Stored dataset items:
....
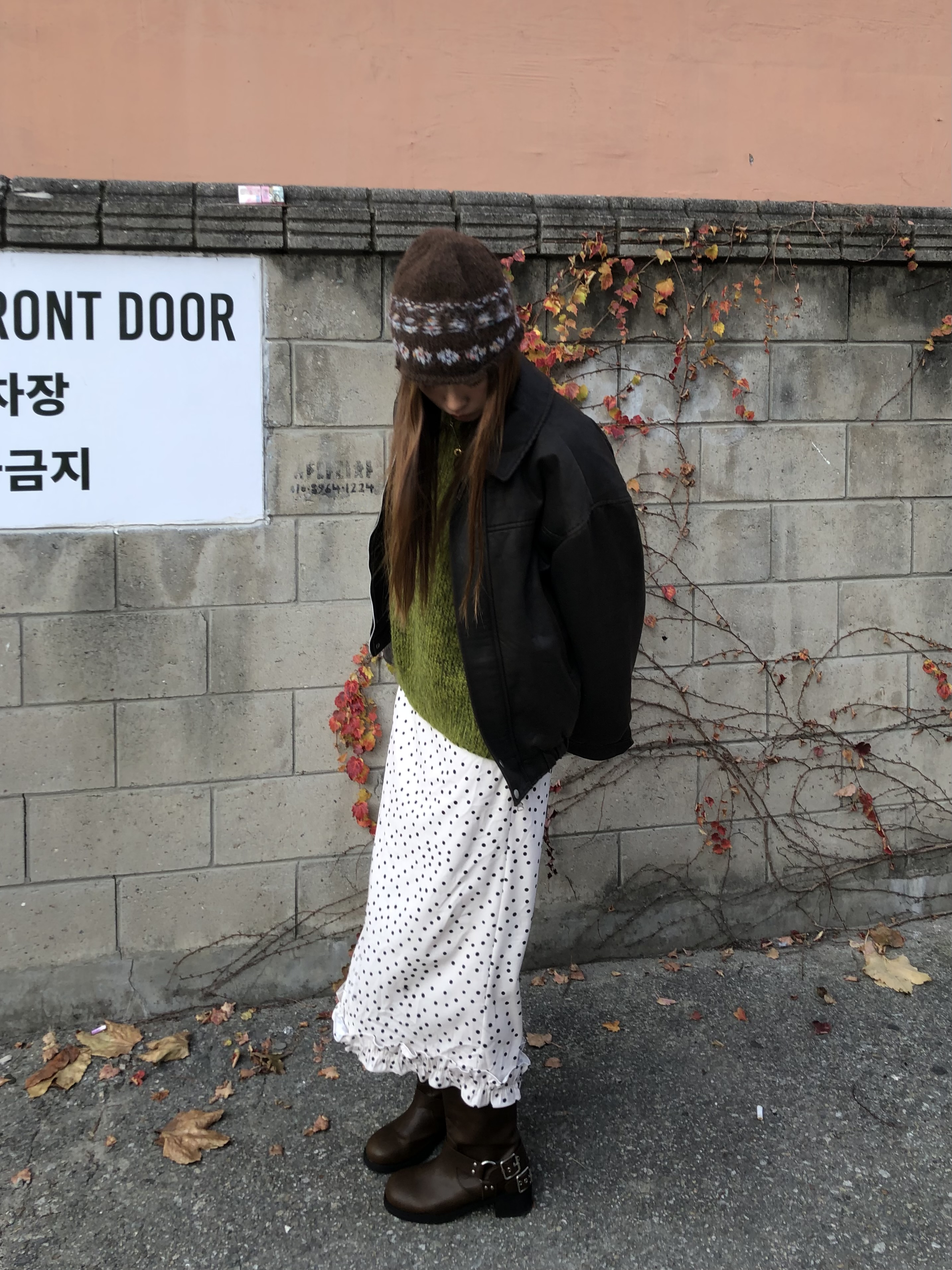 corduroy dot frill skirt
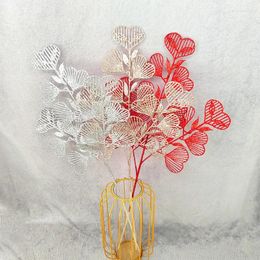 Fleurs décoratives 3 fourk glitter en or poudre en forme de coeur Simulate feuilles plantes artificielles décoration de Noël fête de mariage à la maison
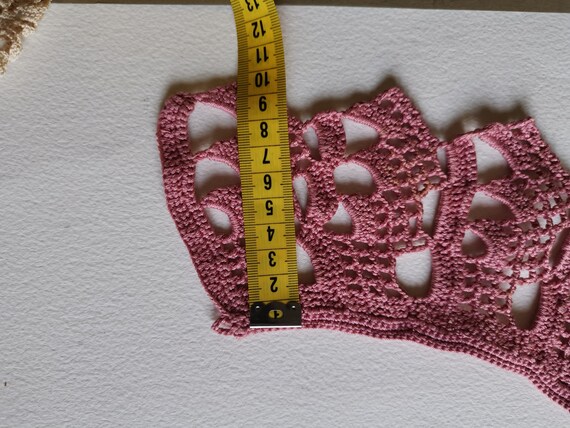 Vintage Handmade Crochet Collar, Pink Cotton Neck… - image 5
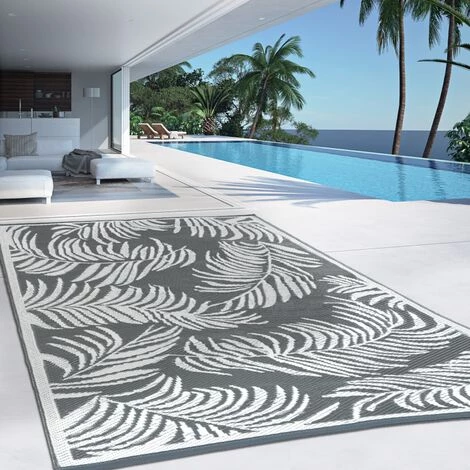 IDMARKET Tapis Extérieur COCO Tropical Gris Et Blanc 160 X 260 CM - Gris 3 IDMARKET Tapis Extérieur COCO Tropical Gris Et Blanc 160 X 260 CM - Gris – Image 3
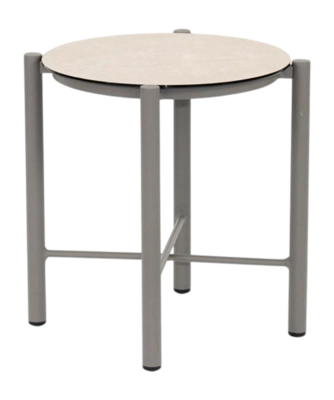 Bijzettafel Applebee Bora Bora Coffee Table 40 x 46 Aluminium Ceramic Glass Taupe Travetino White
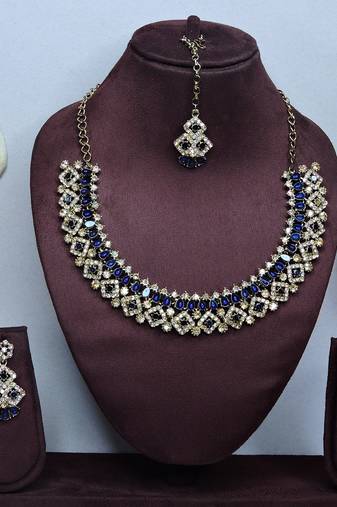 Blue color yellow gold plating festive wear designer necklace set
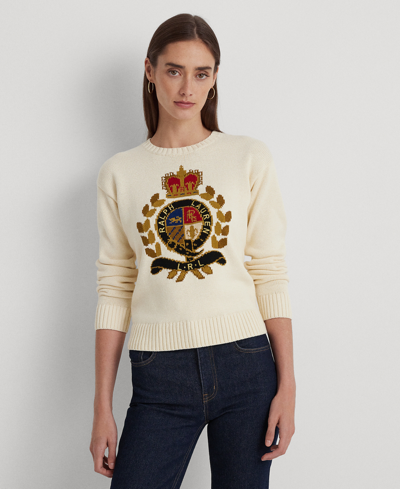 Lauren Ralph Lauren Intarsia-knit Crest Cotton-blend Sweater In Mascarpone Cream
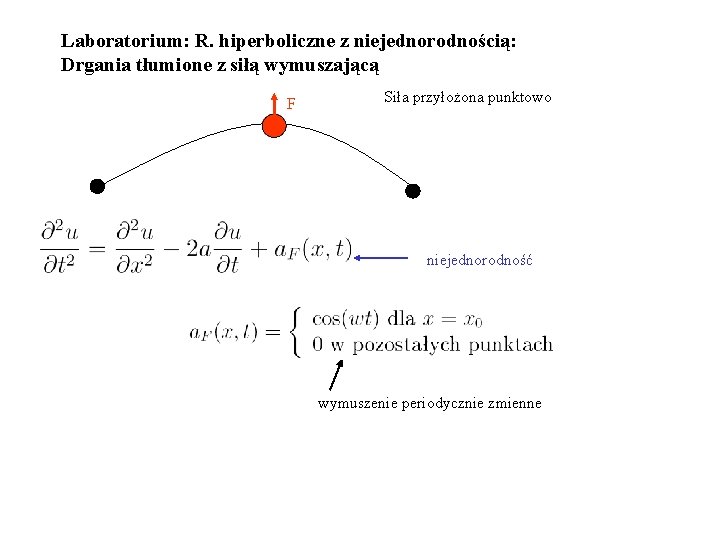 Laboratorium: R. hiperboliczne z niejednorodnością: Drgania tłumione z siłą wymuszającą F Siła przyłożona punktowo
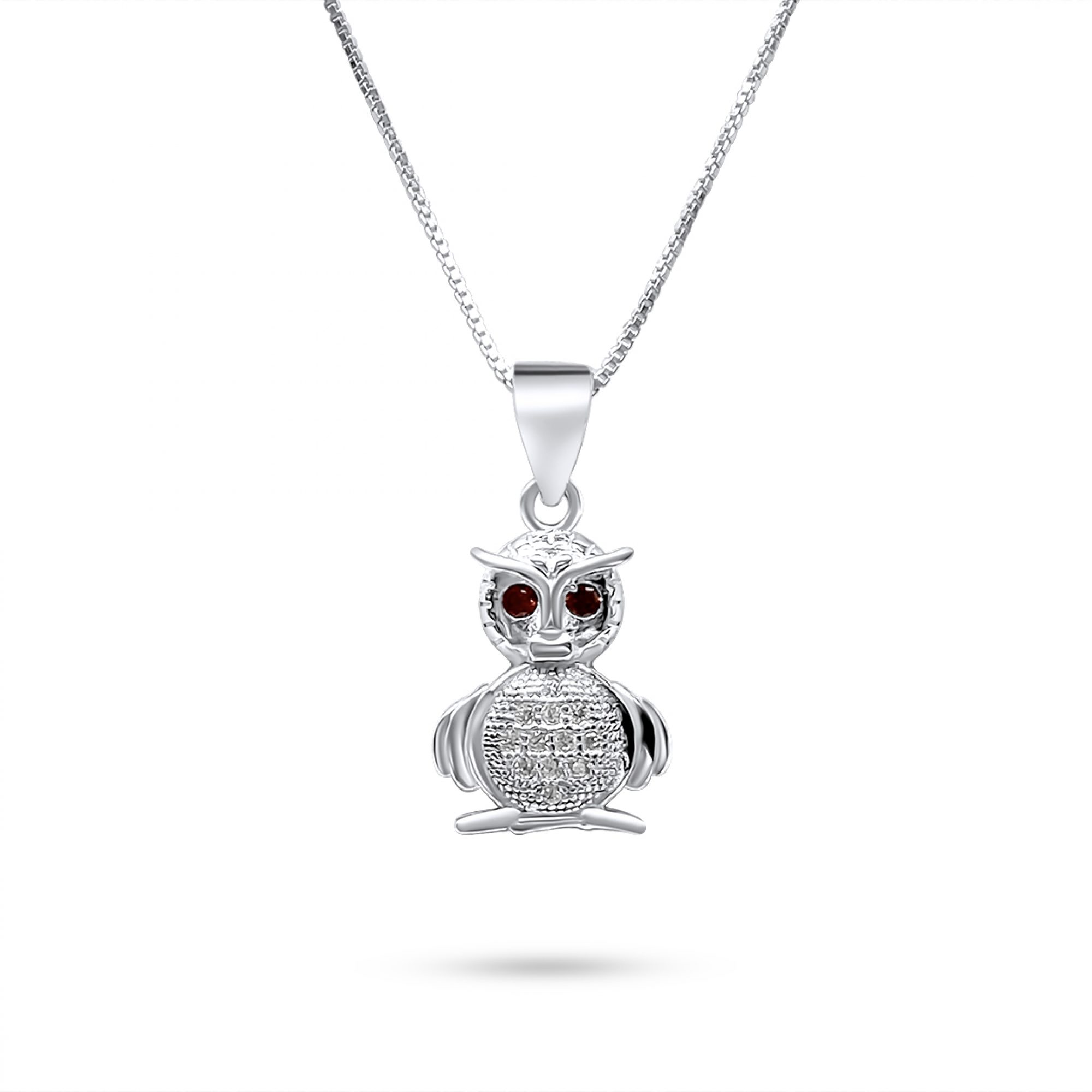 Owl necklace with zircon stones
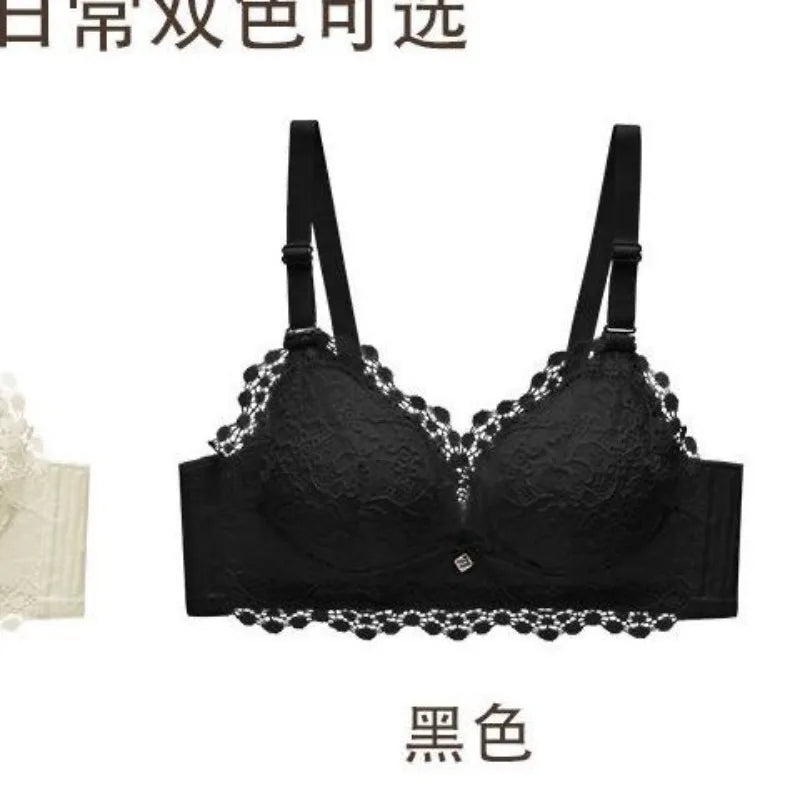 Lace Bra for Small Bust 12cm Extra Thick Push-Up Padding Wireless Support Side Coverage for Lift Shaping Anti-Sagging Comfort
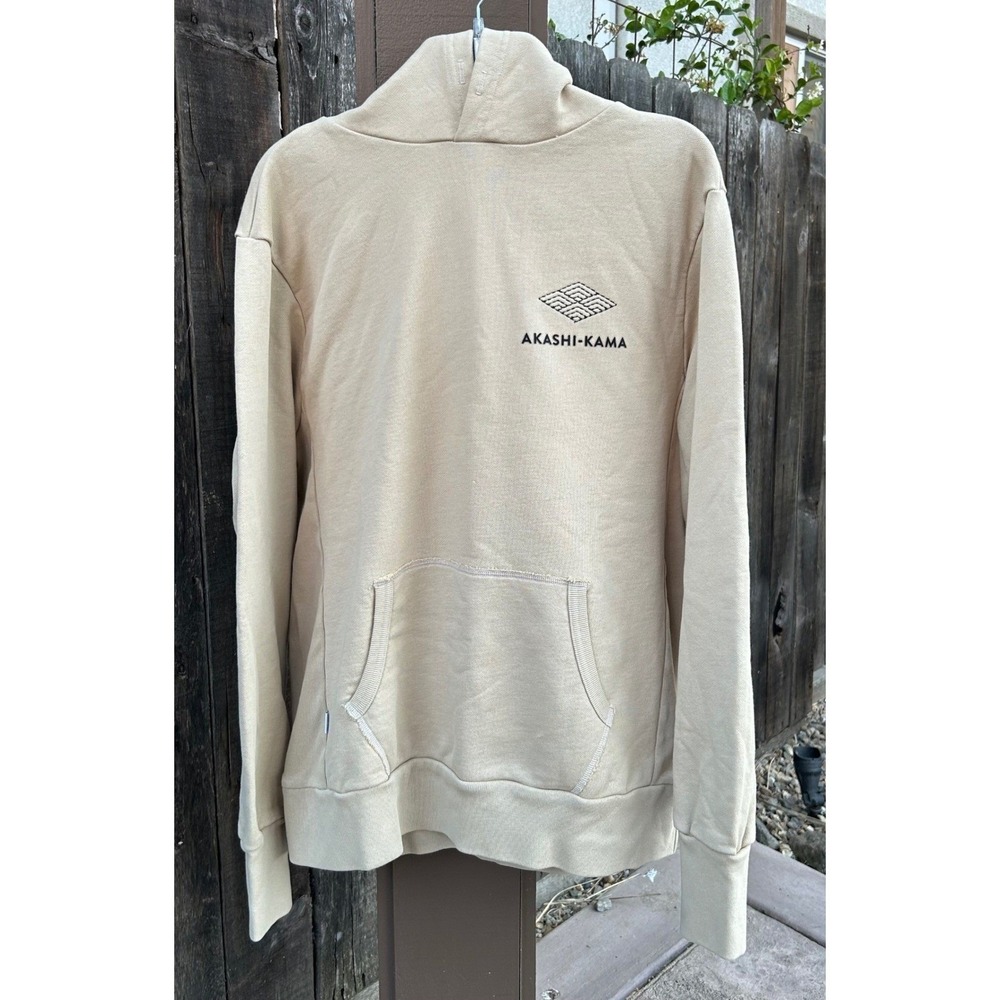 AKASHI-KAMA Sashiko Diamond Hoodie Enoki Mens L Made USA French Terry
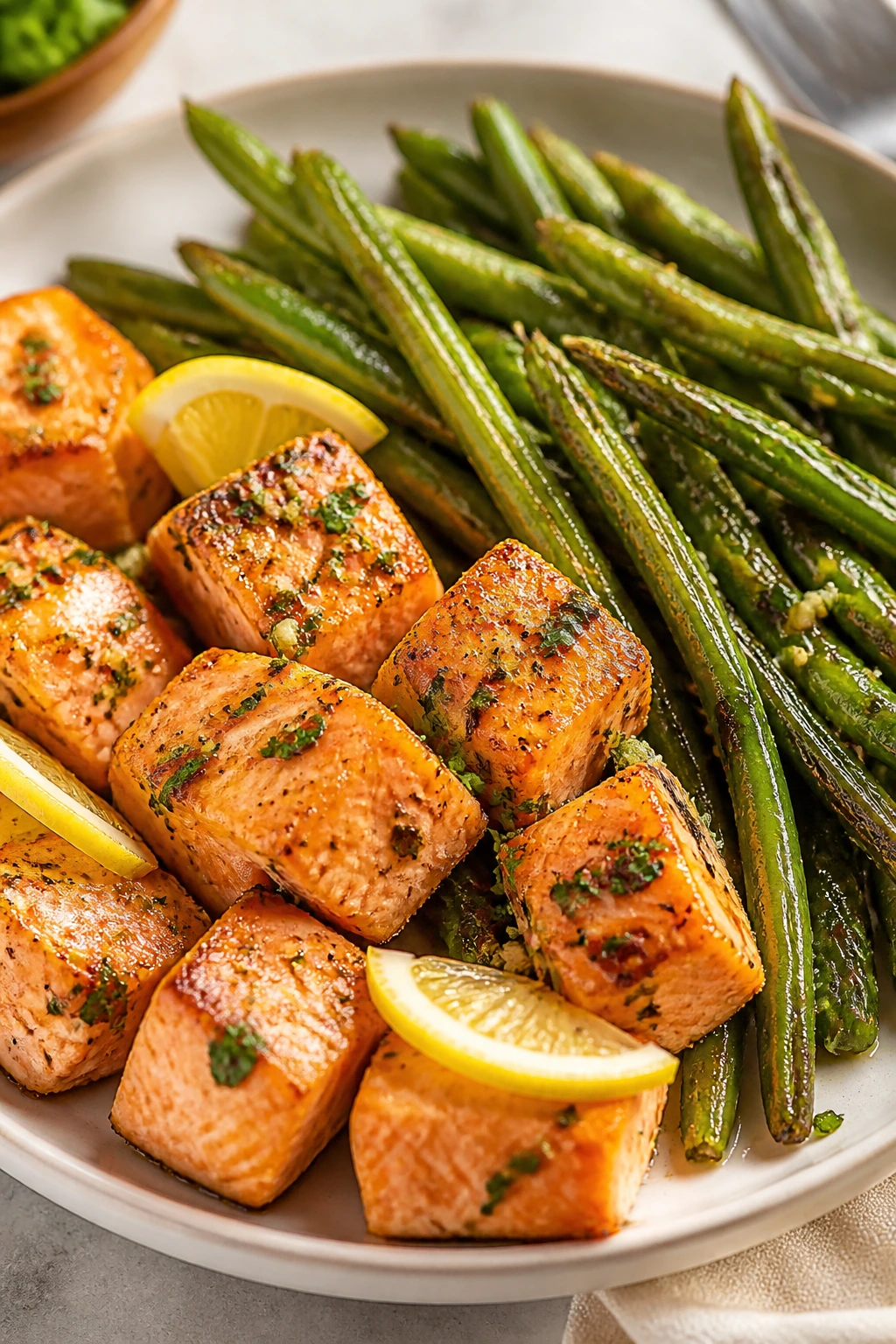 Salmon bites with green beans on a plate in a bright kitchen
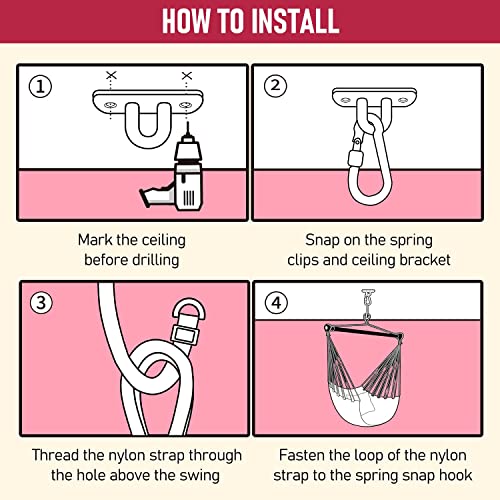 Dekool Hammock Chair Hanging Rope Swing, Detachable Steel Support Bar, Max 330 Lbs, Soft Durable Cotton Canvas, 1 Cushion And Hanging Hardware Included, For Indoor Outdoor, Pink #TOP4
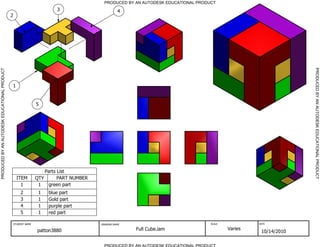 Parts List
PART NUMBERQTYITEM
green part11
blue part12
Gold part13
purple part14
red part15
PRODUCED BY AN AUTODESK EDUCATIONAL PRODUCT
PRODUCED BY AN AUTODESK EDUCATIONAL PRODUCTPRODUCEDBYANAUTODESKEDUCATIONALPRODUCT
PRODUCEDBYANAUTODESKEDUCATIONALPRODUCT
STUDENT NAME DRAWING NAME SCALE DATE
patton3880 Full Cube.iam Varies
10/14/2010
4
5
2
3
1
 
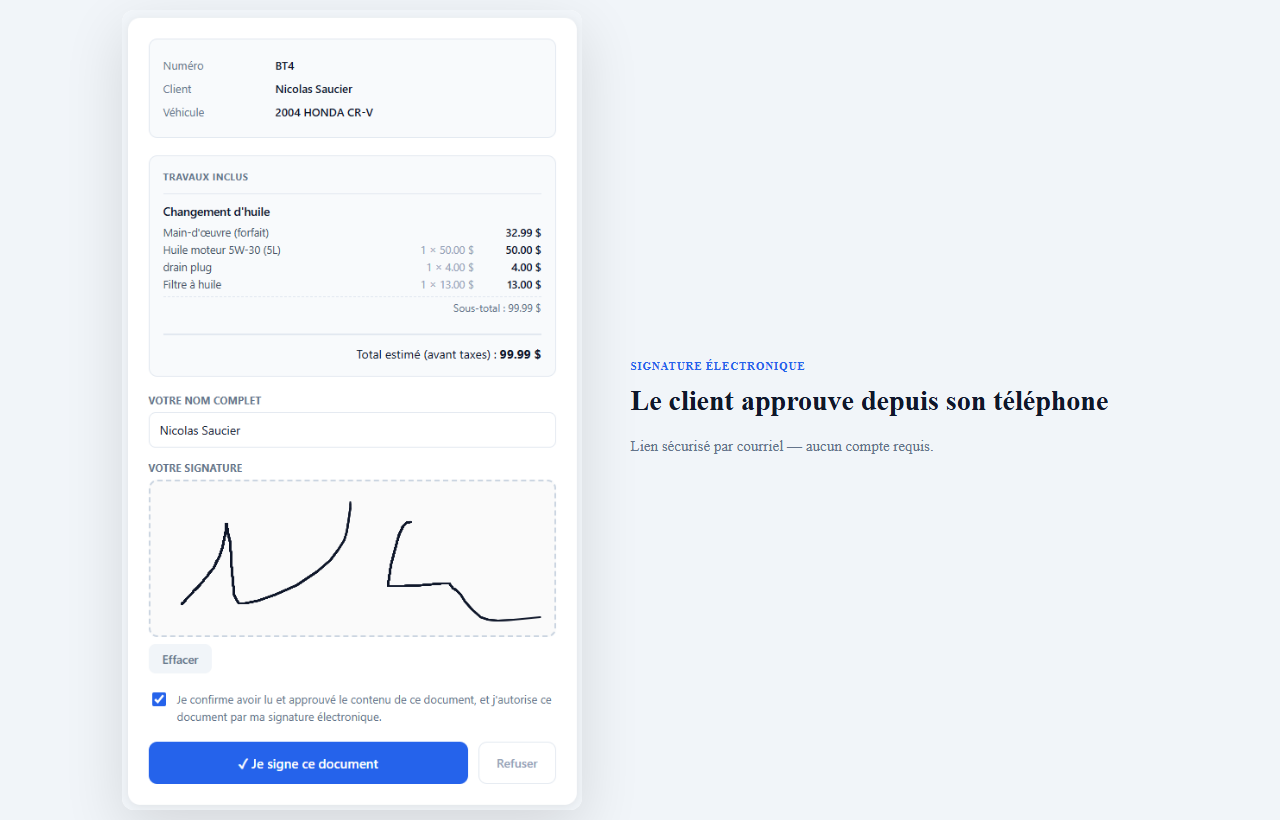 Signature électronique et approbation d'estimé AteliX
....
# EXERCISE GOAL
Every word of the data should be reproduced exactly; please omit any pictures.

# EXERCISE RESPONSE
 corduroy dot frill skirt
 Fleurs décoratives 3 fourk glitter en or poudre en forme de coeur Simulate feuilles plantes artificielles décoration de Noël fête de mariage à la maison
 Vintage Handmade Crochet Collar, Pink Cotton Neck… - image 5
 IDMARKET Tapis Extérieur COCO Tropical Gris Et Blanc 160 X 260 CM - Gris 3 IDMARKET Tapis Extérieur COCO Tropical Gris Et Blanc 160 X 260 CM - Gris – Image 3
 Bijzettafel Applebee Bora Bora Coffee Table 40 x 46 Aluminium Ceramic Glass Taupe Travetino White
 Blue color yellow gold plating festive wear designer necklace set
 Lauren Ralph Lauren Intarsia-knit Crest Cotton-blend Sweater In Mascarpone Cream
 Laboratorium: R. hiperboliczne z niejednorodnością: Drgania tłumione z siłą wymuszającą F Siła przyłożona punktowo
 Owl necklace with zircon stones
 Lace Bra for Small Bust 12cm Extra Thick Push-Up Padding Wireless Support Side Coverage for Lift Shaping Anti-Sagging Comfort
 AKASHI-KAMA Sashiko Diamond Hoodie Enoki Mens L Made USA French Terry
 Salmon bites with green beans on a plate in a bright kitchen
 Dekool Hammock Chair Hanging Rope Swing, Detachable Steel Support Bar, Max 330 Lbs, Soft Durable Cotton Canvas, 1 Cushion And Hanging Hardware Included, For Indoor Outdoor, Pink #TOP4
 Parts List
PART NUMBERQTYITEM
green part11
blue part12
Gold part13
purple part14
red part15
PRODUCED BY AN AUTODESK EDUCATIONAL PRODUCT
PRODUCED BY AN AUTODESK EDUCATIONAL PRODUCTPRODUCEDBYANAUTODESKEDUCATIONALPRODUCT
PRODUCEDBYANAUTODESKEDUCATIONALPRODUCT
STUDENT NAME DRAWING NAME SCALE DATE
patton3880 Full Cube.iam Varies
10/14/2010
4
5
2
3
1
 
 Signature électronique et approbation d'estimé AteliX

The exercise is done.